Revolutionary Parents is a term taken from George Barna’s book, Revolutionary Parenting. (www.george.barna.com) Read below to discover the research about parents with similar parenting styles who were able to raise their children to be SPIRITUAL CHAMPIONS, ones who became passionate adults for God.
What the interviews of the young adults & their parents uncovered showing what revolutionary parents had in common:
1) These parents used the Bible as their guide for measuring the impact of their parenting style rather than adopting acceptable cultural norms or adopting trial and error parenting.
2) Had family faith experiences, had a Biblical world view, ie as things came up, they looked up scripture and prayed together to address these issues.
3) They took seriously the Jewish mindset and lifestyle found in Deut 6:4-9 loving God, teaching His truths diligently to their children incorporating this into every aspect of their lives, taking every opportunity to teach and train Biblical principles (when you rise up, sit, walk, lie down etc)– doing nothing less.
4) These parents recognized their parenting job was their most important work with other jobs being secondary, opposite of Western culture – parenting usually works around jobs.
5) These parents had 1 parent stay at home, fighting cultural norms, very difficult.
6) They felt that they were the dominant spiritual mentor to their children, seeing the church as secondary.

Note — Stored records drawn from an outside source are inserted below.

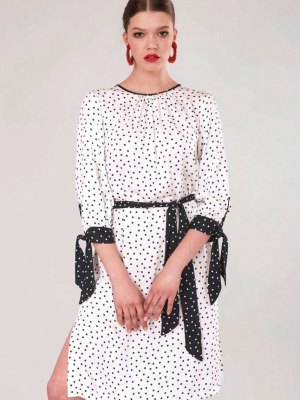 White Polka Dot Bow Cuffs Gathered Dress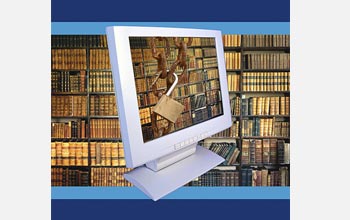 Image of a video screen with journals and old books displayed behind a lock and key.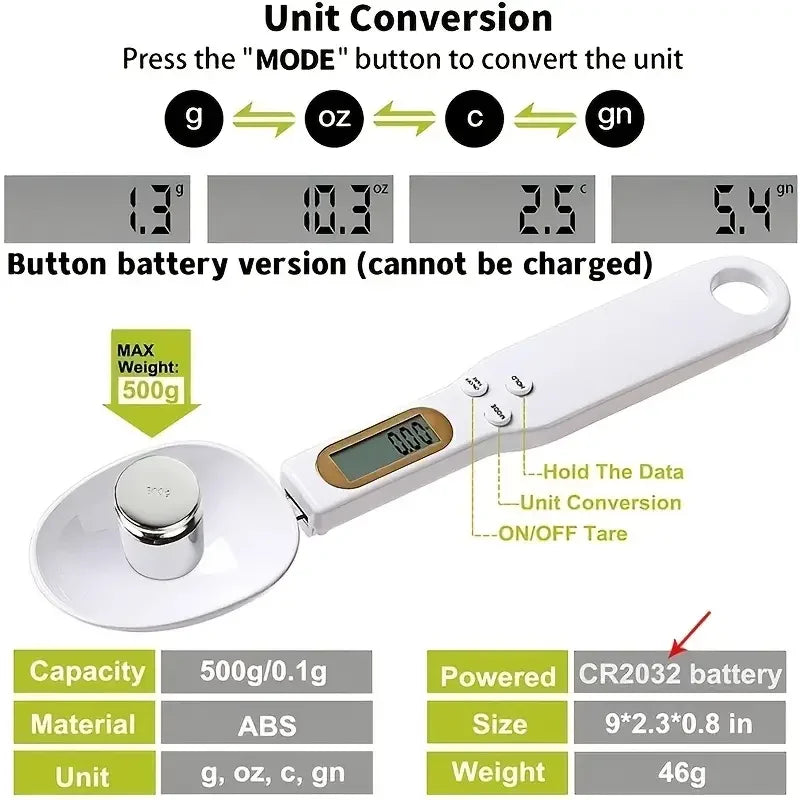 Balance de Cuisine Mini Spoon - Précision et Élégance à Chaque Mesure ! parfaite pour vos préparations culinaires ! Que ce soit pour peser de la farine, du lait, du café ou d'autres ingrédients, cette balance électron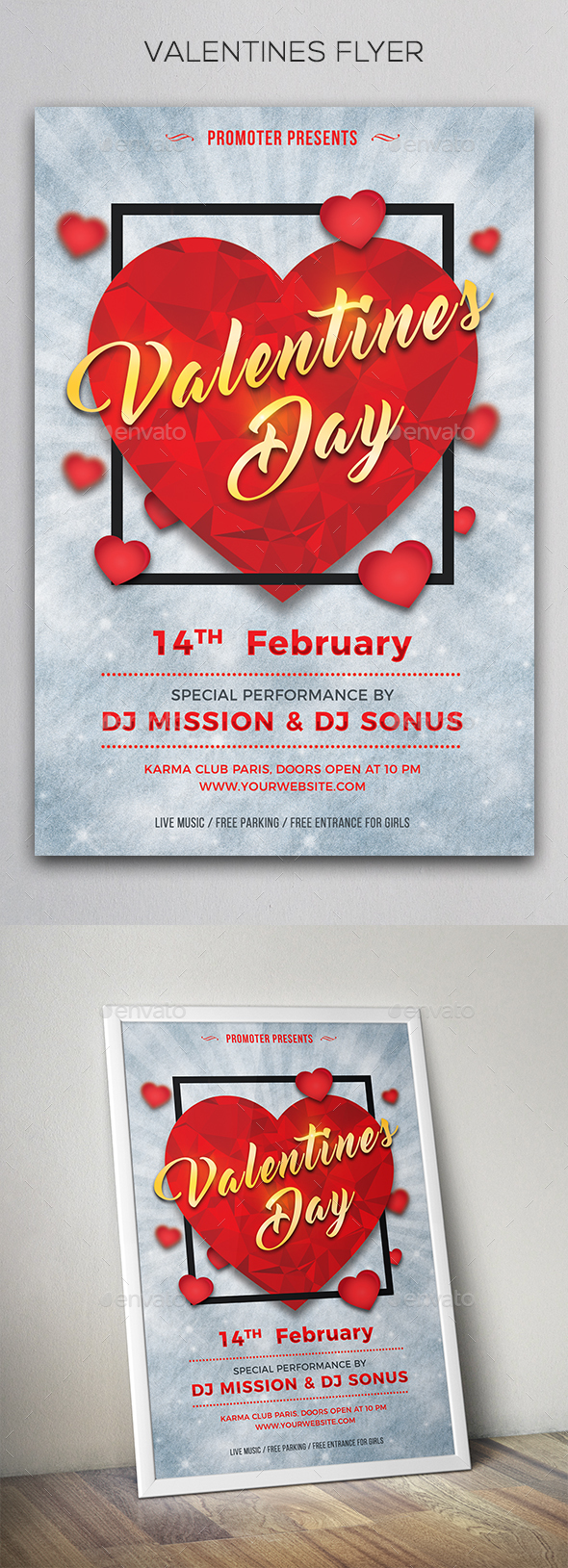 Valentines Day Flyer - Clubs & Parties Events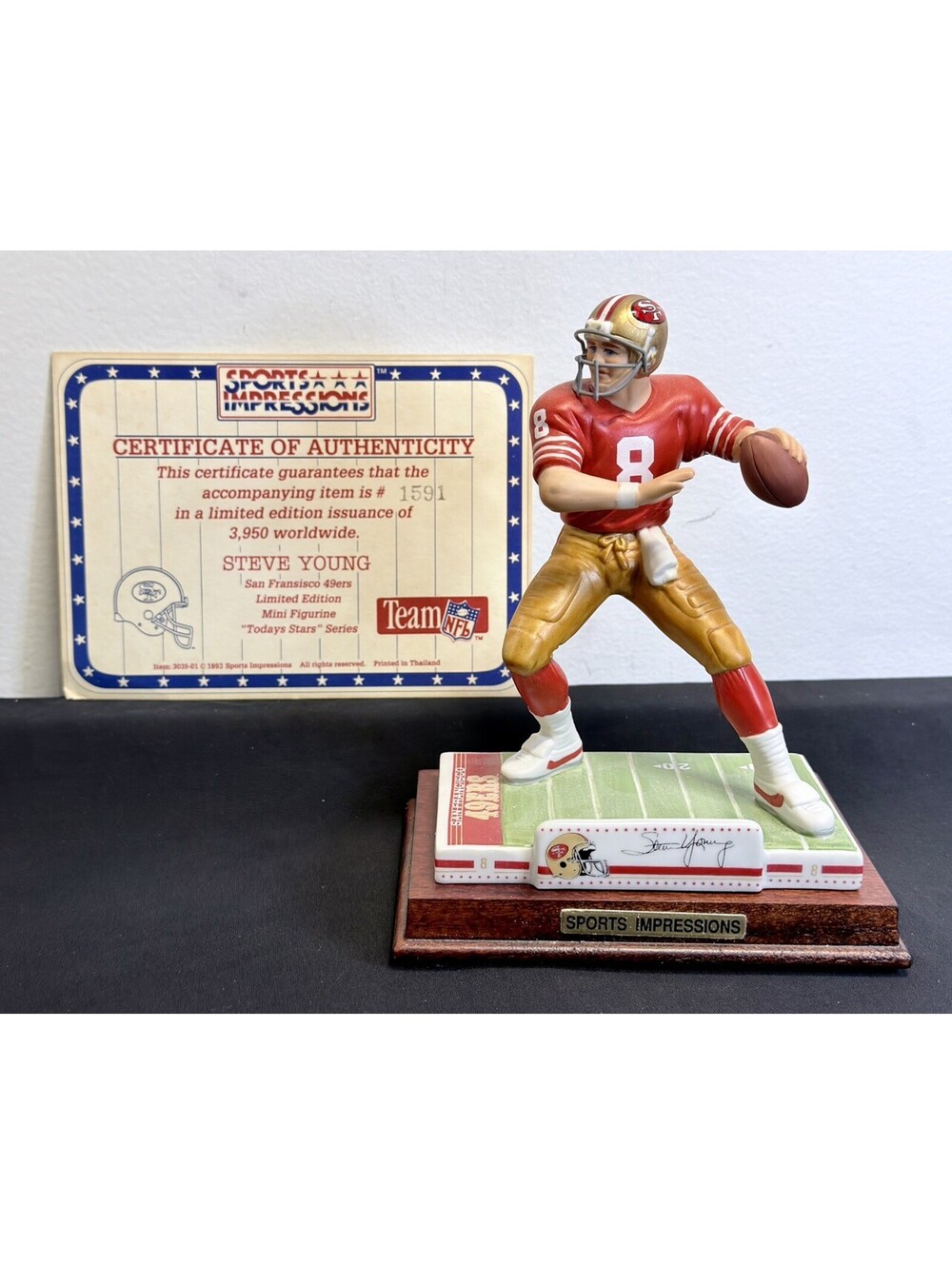 Steve Young Sports Impression Figurine #1591/3950 San Francisco 49ers COA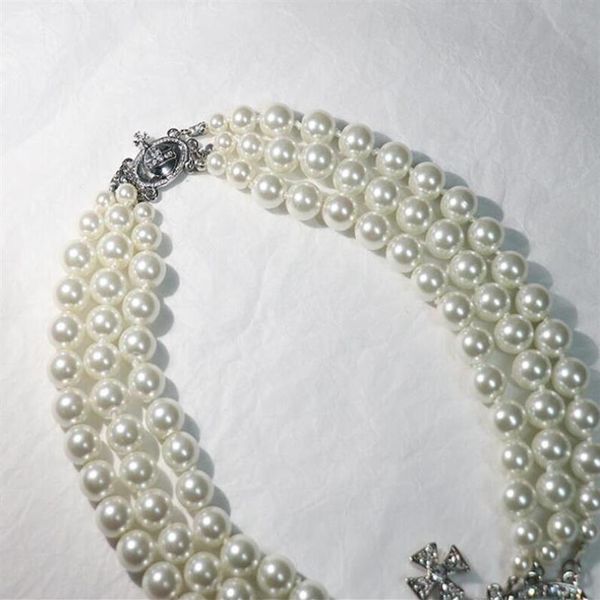 

multilayer pearl chain orbit necklace women fashion rhinestone satellite short necklace for gift party jewelry3177, Silver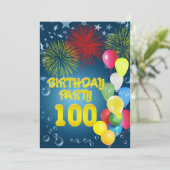 100. Geburtstagsparty Einladung mit Ballons (Stehend Vorderseite)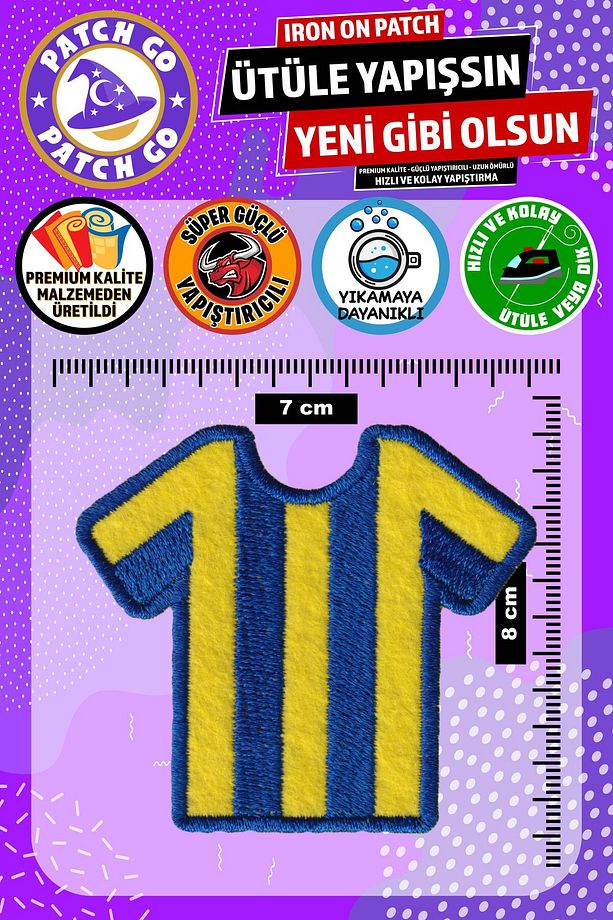Ütü ile Yapışan Arma, FB Taraftar Set (6 Adet), Ütüyle Yapışan Nakış Dokuma Yama Patch - 3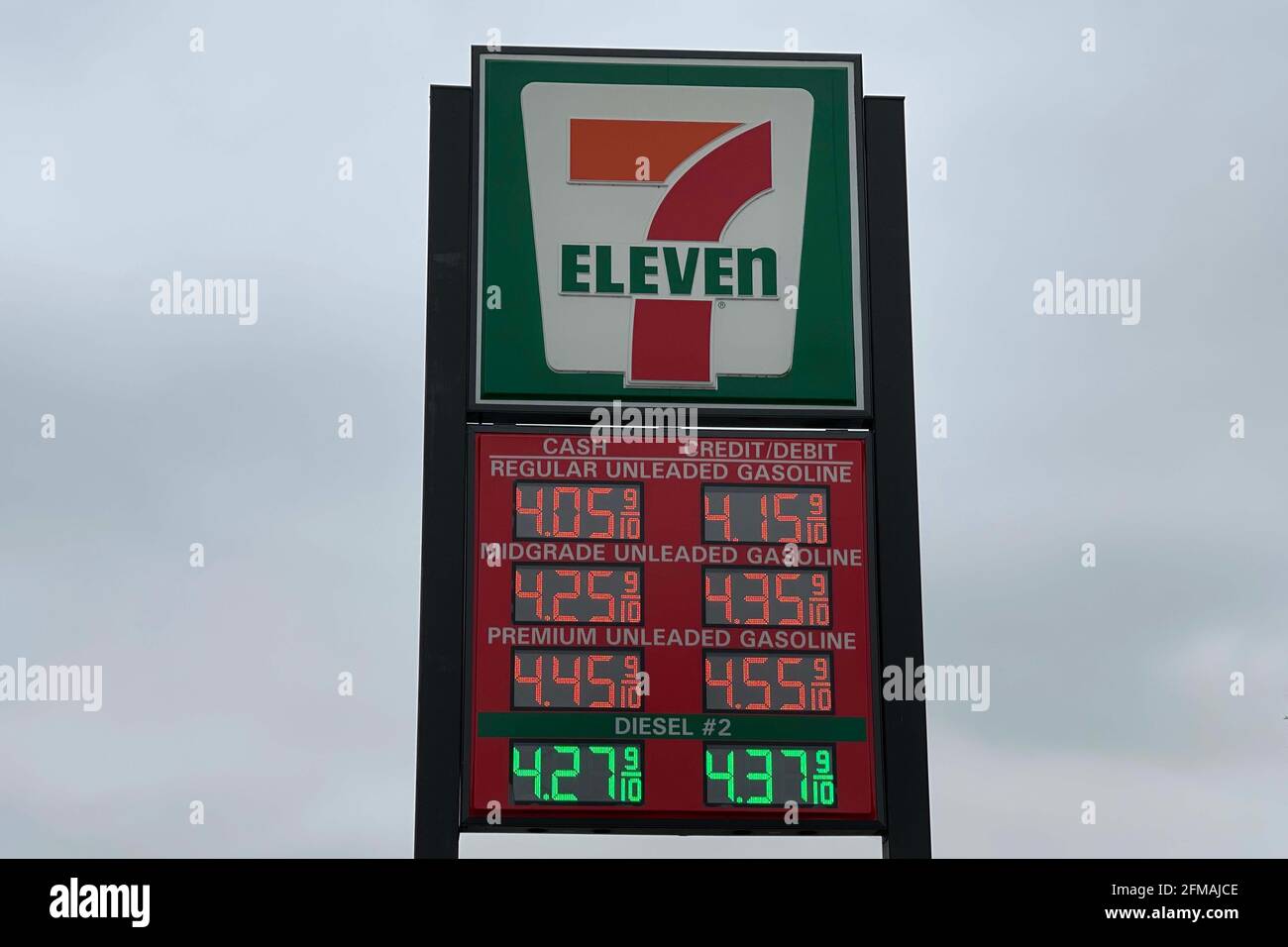 Gas prices are seen at a 7Eleven convenience store, Friday, May 7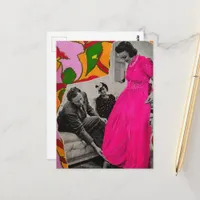 Hot Pink Dress Model Lady Flowers AI Enhanced Postcard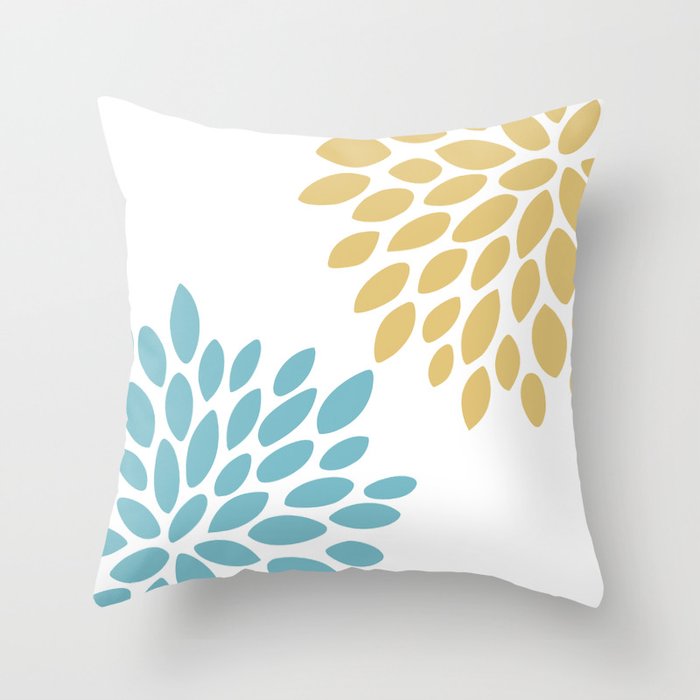 Duo Floral Prints, Yellow and Teal, Design Prints Throw Pillow Gallery Image 6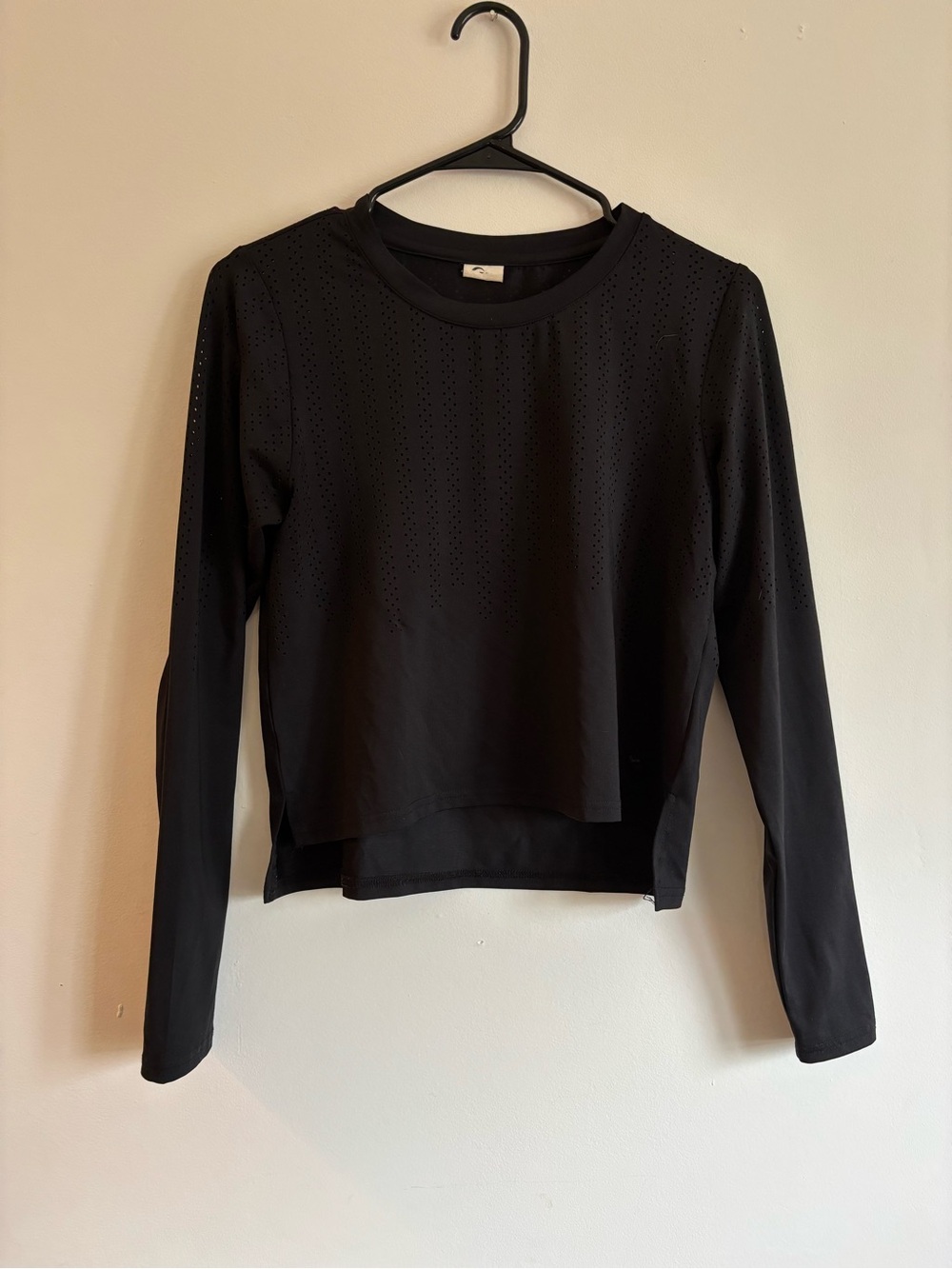 ZYIA Black Long Sleeve Perforated Crop Top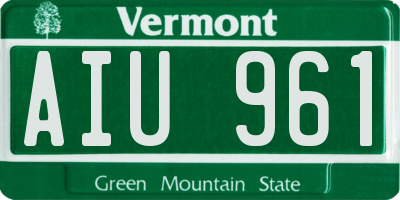 VT license plate AIU961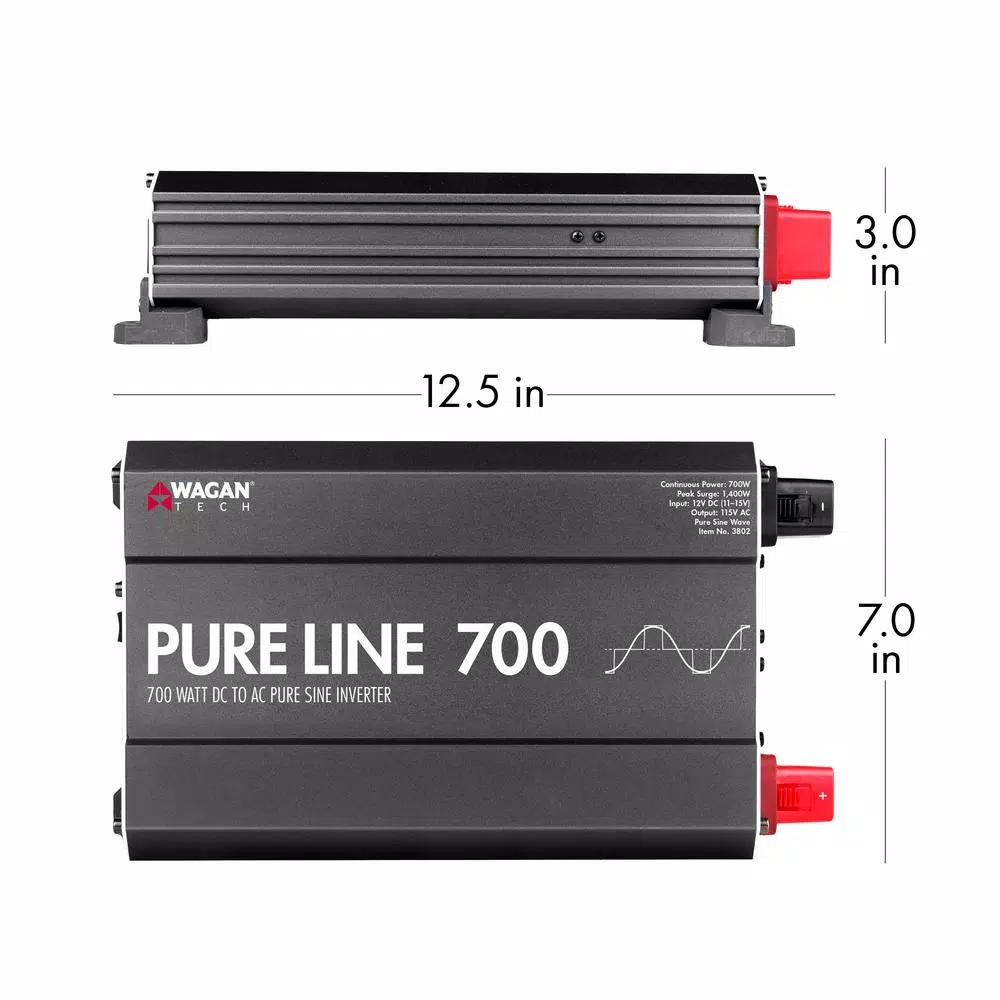Wagan Tech Pure Line 700W Pure Sine Wave Inverter, 1400W Surge, 12V DC to 120V AC, ETL Certified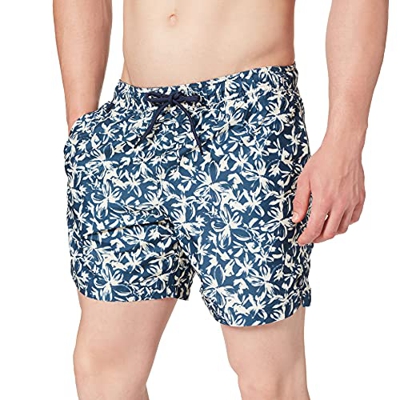 Springfield BAÑADOR Peach Flores Hombre, Estampado Azul, S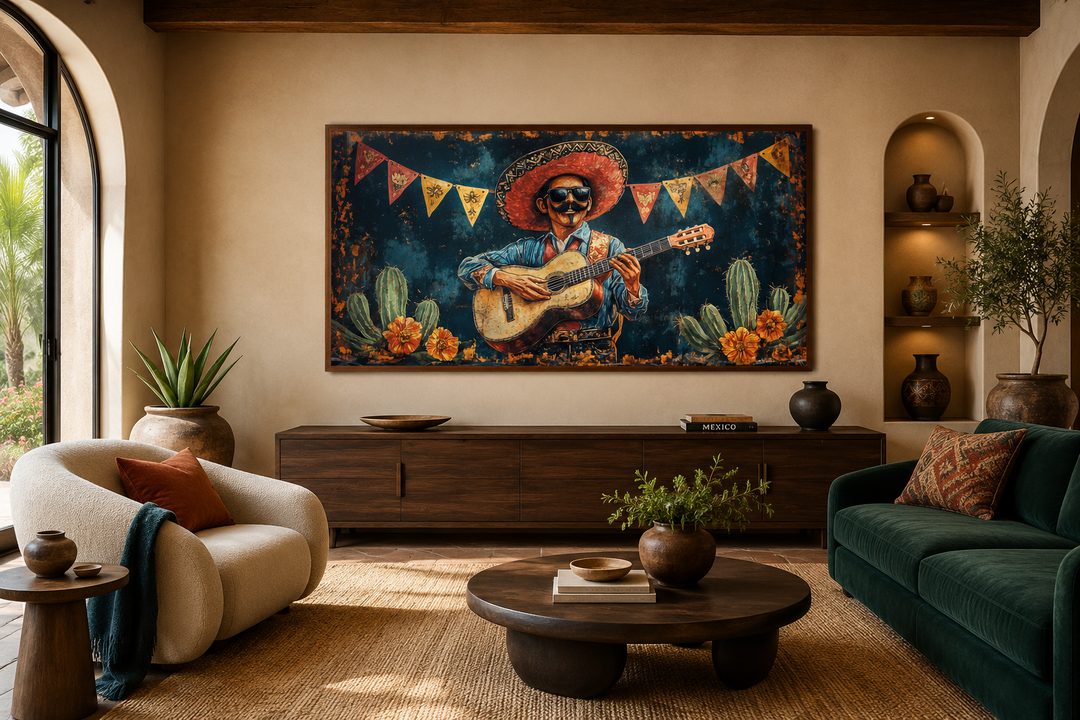 Mariachi musician with guitar and sombrero on a framed canvas in a rustic living room.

7) Spent 90-120 minutes of individual time with their children daily, taking time to build relationships (typical family spends 15 minutes).
8) 100% were highly concerned with developing Godly character, for example, prioritizing the showing of love rather than just winning or what you can accomplish.
9) Felt praying daily together was important as well as reading the Word, doing so at least 2x a week (reading verses or Bible studies), worshipped regularly at home together & part of a local church…. (only 1 in 10 Christian parents pray with their children daily).
10) Parents worked hard personally to grow spiritually, which young adults reported impacted their spiritual walk with the Lord.
11) 83% set tangible and measurable goals for their children, holding them accountable, being their coach.
13) Prayed diligently for their children, especially for their salvation and any decisions related to them.
14) Began when children were a very young age.
15) They took all of this seriously, recognized that there are no guarantees, but they believed doing less can produce failure.